**Data to examine**
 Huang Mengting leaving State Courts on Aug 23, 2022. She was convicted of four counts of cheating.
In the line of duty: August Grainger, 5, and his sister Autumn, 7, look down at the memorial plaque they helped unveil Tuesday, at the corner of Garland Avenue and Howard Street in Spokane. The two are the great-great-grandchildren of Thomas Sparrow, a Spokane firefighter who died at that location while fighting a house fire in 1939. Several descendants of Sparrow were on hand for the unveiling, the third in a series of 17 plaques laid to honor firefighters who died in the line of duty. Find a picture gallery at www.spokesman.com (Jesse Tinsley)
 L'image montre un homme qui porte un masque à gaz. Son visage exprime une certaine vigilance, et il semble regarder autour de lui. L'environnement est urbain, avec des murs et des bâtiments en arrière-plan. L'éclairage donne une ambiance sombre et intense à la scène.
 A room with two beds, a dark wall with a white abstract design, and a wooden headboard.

--

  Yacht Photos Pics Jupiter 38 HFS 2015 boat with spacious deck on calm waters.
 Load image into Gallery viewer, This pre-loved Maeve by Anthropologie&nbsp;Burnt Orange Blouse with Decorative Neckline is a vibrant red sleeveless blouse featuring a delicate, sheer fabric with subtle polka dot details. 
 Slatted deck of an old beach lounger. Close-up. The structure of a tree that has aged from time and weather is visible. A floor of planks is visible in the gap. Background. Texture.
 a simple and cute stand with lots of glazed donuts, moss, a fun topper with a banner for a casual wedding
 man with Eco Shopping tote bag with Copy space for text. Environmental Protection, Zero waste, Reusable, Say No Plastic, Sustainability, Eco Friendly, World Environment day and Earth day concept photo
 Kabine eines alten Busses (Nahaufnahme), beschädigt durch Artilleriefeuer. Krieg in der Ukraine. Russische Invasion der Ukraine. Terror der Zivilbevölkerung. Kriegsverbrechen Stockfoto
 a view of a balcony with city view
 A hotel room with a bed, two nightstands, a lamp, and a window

**The task**
Check every line of the records above for the string "with". Copy those that hold it.

**Result for this task**
 A room with two beds, a dark wall with a white abstract design, and a wooden headboard.
  Yacht Photos Pics Jupiter 38 HFS 2015 boat with spacious deck on calm waters.
 Load image into Gallery viewer, This pre-loved Maeve by Anthropologie&nbsp;Burnt Orange Blouse with Decorative Neckline is a vibrant red sleeveless blouse featuring a delicate, sheer fabric with subtle polka dot details. 
 a simple and cute stand with lots of glazed donuts, moss, a fun topper with a banner for a casual wedding
 man with Eco Shopping tote bag with Copy space for text. Environmental Protection, Zero waste, Reusable, Say No Plastic, Sustainability, Eco Friendly, World Environment day and Earth day concept photo
 a view of a balcony with city view
 A hotel room with a bed, two nightstands, a lamp, and a window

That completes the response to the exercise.